WHAT YOU HAVE TO DO – Can you quote the lines below exactly, starting at the line with "Blue icebergs floating" and going through the last one?

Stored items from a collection
══════
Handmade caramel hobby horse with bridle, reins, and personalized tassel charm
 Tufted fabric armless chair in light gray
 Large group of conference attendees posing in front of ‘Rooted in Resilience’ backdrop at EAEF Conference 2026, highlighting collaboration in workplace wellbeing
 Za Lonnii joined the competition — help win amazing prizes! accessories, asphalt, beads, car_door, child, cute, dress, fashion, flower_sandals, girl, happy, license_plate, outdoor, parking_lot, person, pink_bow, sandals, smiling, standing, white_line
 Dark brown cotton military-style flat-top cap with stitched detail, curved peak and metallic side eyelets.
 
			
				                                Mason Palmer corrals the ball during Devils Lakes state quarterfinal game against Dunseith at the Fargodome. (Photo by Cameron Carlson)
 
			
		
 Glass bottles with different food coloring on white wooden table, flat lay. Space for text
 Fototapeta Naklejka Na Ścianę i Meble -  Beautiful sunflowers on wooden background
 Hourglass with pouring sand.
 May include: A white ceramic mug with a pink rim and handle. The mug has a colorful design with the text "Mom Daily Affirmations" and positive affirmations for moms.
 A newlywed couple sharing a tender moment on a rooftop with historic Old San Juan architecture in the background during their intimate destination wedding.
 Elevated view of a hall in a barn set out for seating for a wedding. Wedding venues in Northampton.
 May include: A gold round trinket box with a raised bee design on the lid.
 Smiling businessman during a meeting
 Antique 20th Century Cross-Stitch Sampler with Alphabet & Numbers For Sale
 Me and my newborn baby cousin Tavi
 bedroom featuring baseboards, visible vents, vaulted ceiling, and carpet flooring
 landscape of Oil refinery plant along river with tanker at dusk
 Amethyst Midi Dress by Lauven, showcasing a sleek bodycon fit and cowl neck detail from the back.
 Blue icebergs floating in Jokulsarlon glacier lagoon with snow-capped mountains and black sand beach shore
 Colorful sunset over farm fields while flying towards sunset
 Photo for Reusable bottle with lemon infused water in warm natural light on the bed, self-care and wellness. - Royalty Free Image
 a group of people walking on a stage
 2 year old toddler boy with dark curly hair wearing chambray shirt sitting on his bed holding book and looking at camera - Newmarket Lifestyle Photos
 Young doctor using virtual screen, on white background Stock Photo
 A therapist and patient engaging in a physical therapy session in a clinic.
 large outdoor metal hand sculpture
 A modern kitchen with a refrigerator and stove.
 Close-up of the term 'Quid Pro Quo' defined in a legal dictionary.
══════
ANSWER SPACE –
 Blue icebergs floating in Jokulsarlon glacier lagoon with snow-capped mountains and black sand beach shore
 Colorful sunset over farm fields while flying towards sunset
 Photo for Reusable bottle with lemon infused water in warm natural light on the bed, self-care and wellness. - Royalty Free Image
 a group of people walking on a stage
 2 year old toddler boy with dark curly hair wearing chambray shirt sitting on his bed holding book and looking at camera - Newmarket Lifestyle Photos
 Young doctor using virtual screen, on white background Stock Photo
 A therapist and patient engaging in a physical therapy session in a clinic.
 large outdoor metal hand sculpture
 A modern kitchen with a refrigerator and stove.
 Close-up of the term 'Quid Pro Quo' defined in a legal dictionary.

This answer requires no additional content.